Well no argument that Sean Hannity wouldn't let you tell the truth about what someone he liked was doing in the early 90s.

I don't think you said anything the Putin regime would feel the need to censor. They no longer consider Cuba a strategic asset and what Putin wants is not to bring back the USSR per se but a new Russian Empire.

David R. Henderson writes:

Good points. Thanks.

I enjoyed watching your segment last night.

Saying that you hope a man will die is, by golly, sharper than I would have said or felt even. Idiocy, looking to the state for solutions to problems, happens all around us; it grows consequent to the natural desire to perceive order in surroundings. The Cubans just got hit by a worse dose.

Supposing that RT is biased toward the Russian state, which I do not often detect, at least this expected bias is out in the open.

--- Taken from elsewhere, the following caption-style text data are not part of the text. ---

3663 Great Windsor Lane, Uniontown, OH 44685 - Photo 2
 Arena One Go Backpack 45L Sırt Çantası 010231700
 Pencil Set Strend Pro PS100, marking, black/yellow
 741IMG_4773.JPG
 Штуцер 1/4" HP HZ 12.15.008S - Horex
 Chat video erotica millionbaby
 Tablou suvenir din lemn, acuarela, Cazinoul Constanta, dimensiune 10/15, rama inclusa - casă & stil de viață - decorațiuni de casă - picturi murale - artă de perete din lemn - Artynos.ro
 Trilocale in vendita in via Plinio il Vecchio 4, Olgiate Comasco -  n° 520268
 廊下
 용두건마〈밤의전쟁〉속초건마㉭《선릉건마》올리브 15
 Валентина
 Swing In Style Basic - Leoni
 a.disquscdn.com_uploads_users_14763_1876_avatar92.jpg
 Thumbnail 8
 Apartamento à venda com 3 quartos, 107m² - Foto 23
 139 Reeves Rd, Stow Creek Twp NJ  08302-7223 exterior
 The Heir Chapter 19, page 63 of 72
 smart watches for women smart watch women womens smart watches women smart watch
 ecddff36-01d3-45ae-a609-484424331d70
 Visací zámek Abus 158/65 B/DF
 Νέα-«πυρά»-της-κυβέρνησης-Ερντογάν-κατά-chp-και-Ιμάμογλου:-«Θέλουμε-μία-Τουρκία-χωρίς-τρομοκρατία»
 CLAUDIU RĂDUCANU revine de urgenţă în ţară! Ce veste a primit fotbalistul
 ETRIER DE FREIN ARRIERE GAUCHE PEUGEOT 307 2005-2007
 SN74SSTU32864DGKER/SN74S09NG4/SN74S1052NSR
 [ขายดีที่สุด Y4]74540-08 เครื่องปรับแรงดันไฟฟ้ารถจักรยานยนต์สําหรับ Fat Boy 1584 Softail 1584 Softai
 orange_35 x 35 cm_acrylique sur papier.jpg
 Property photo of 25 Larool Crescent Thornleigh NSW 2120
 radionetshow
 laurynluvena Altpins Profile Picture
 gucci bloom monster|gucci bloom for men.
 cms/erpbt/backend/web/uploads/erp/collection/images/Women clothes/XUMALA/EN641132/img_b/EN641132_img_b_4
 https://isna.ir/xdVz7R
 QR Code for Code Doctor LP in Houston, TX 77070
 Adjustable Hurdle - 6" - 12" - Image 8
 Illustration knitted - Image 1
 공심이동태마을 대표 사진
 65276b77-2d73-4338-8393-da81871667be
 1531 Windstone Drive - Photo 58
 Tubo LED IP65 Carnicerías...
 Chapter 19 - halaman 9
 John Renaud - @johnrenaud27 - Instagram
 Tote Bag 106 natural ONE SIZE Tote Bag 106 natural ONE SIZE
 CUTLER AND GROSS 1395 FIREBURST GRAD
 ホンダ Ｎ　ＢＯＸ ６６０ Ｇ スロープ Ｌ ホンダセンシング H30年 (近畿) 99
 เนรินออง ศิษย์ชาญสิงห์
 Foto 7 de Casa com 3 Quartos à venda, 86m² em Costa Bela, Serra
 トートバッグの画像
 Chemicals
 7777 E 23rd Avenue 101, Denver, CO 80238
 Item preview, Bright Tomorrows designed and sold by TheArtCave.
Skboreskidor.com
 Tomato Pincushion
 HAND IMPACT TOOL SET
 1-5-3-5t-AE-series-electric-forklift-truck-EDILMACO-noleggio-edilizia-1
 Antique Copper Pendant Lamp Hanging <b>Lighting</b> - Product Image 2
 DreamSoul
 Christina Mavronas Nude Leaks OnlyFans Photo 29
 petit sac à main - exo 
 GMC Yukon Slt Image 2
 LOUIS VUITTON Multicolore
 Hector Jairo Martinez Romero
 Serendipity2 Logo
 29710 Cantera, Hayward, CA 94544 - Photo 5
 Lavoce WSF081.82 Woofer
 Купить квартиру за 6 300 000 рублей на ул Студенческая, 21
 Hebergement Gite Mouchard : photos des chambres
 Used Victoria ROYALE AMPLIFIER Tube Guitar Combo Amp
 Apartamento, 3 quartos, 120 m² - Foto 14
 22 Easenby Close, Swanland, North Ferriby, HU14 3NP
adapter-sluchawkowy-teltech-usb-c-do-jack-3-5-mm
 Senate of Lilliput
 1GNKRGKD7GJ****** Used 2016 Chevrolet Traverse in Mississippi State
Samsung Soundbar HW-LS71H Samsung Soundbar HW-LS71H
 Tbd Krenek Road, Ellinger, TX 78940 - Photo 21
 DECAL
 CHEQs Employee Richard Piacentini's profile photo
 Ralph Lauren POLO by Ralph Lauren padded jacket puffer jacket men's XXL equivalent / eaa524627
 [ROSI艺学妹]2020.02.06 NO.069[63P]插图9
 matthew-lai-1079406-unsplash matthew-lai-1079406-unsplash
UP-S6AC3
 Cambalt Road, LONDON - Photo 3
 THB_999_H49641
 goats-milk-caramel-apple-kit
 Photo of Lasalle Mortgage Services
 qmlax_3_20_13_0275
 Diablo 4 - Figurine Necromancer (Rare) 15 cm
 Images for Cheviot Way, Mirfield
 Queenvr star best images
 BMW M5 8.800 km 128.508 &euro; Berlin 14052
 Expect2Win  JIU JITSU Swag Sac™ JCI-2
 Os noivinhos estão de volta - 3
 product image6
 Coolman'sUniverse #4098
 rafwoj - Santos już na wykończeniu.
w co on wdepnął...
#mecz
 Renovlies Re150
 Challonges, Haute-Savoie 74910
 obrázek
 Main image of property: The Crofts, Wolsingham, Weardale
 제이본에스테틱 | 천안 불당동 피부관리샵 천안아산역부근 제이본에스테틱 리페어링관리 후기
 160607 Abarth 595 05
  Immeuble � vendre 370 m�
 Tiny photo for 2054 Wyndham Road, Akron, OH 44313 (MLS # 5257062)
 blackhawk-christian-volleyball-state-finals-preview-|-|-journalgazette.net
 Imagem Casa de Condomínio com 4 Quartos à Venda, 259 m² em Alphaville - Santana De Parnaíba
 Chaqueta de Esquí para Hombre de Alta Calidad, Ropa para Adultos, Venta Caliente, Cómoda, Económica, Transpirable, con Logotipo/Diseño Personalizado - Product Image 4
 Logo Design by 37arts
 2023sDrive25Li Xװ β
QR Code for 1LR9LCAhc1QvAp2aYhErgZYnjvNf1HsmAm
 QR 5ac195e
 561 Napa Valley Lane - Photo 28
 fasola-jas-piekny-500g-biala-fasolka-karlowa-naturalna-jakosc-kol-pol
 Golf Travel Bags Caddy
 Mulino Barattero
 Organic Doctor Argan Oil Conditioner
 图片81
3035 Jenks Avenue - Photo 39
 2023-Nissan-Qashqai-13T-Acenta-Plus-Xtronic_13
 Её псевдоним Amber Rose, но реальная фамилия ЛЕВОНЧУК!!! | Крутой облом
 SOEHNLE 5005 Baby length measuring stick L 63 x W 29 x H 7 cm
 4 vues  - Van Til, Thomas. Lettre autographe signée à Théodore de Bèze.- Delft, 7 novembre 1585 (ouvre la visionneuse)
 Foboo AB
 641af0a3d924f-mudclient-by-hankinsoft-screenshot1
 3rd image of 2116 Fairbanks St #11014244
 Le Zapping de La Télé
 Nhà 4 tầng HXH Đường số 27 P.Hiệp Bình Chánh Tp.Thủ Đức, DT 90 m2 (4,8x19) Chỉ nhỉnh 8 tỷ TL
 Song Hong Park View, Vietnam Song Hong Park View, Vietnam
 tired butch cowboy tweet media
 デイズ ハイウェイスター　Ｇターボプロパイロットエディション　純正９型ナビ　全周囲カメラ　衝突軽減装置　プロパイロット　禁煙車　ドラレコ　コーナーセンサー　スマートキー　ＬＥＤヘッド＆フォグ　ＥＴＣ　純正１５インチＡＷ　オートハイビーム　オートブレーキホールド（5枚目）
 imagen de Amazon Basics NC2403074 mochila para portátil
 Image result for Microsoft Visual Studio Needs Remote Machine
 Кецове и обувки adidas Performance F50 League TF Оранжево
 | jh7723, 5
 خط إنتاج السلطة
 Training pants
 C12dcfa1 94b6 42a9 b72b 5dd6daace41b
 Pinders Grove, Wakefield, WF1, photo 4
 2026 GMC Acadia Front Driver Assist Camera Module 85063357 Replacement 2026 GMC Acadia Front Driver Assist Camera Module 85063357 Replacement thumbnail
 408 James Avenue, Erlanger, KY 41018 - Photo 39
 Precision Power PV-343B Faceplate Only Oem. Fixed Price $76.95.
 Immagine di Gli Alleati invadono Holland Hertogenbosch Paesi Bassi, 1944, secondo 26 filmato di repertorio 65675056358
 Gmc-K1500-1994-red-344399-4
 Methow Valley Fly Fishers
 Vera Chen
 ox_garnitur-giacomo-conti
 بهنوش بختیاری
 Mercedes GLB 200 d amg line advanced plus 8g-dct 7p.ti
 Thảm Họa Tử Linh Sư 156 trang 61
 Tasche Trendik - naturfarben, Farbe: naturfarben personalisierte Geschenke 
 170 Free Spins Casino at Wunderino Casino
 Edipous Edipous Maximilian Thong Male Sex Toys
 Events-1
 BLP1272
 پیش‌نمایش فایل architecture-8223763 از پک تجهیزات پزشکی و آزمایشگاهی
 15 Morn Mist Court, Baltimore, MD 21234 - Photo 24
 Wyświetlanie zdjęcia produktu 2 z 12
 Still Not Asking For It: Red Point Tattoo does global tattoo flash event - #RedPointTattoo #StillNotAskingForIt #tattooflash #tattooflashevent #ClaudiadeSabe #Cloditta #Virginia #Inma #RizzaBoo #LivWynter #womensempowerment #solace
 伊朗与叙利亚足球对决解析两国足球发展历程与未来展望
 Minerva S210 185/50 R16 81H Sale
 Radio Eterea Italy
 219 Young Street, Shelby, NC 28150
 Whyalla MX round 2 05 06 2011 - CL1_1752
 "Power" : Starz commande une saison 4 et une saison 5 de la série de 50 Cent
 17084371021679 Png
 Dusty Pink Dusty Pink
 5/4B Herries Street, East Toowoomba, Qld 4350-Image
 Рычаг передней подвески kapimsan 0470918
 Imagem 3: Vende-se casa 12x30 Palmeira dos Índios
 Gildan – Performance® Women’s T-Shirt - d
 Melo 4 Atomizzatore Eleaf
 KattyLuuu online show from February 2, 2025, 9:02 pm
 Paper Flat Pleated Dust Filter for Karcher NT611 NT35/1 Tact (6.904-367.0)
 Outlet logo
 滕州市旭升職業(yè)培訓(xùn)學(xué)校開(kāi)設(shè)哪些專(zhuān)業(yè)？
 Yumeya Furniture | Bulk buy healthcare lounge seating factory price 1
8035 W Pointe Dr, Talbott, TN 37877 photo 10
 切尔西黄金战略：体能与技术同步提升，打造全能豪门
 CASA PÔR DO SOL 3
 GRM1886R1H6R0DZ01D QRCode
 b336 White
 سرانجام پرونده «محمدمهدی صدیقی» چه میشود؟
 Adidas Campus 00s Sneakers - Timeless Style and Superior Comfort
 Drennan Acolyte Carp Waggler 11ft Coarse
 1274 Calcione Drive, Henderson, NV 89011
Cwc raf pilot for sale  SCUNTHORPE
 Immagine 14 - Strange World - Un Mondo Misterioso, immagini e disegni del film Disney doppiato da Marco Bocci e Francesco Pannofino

Whereas the American mainstream media keep their biases hidden in their closets, subconsciously in large part. In my view, RT seems to aim to show what the biased American mainstream will not show.

Incidentally, The Crown, a new Netflix TV series, shows much about the constitution of a state, fascinating tension in the stifling role that a British monarch must play.

jon writes:

I don't the get the cat analogy.

Wouldn't America be the kid pulling the cat's tail?
We are the cause of the economic pain.

And wouldn't Castro be your brother?
He is the face right in front of them that the Cubans were likely to blame for their pain.

David R. Henderson writes:

Wouldn't America be the kid pulling the cat's tail?
Close, but not quite. The U.S. government is the kid pulling the cat’s tail.
We are the cause of the economic pain.
What you mean “we,” kemo sabe?
And wouldn't Castro be your brother?
Except for the confusion between the U.S. government and Americans, you do get the analogy.

Mark M writes:

Well done. The close up of Trump next to your face was interesting framing by RT.

I think I have been saying Mercantilism wrong my entire life. I never stressed the CANT like you and she did.

Probably better for President Trump to treat Cuba like we have treated Taiwan: have limited diplomatic relations but trade freely. Interesting contrast on how we have treated the two Islands over the past 60 years.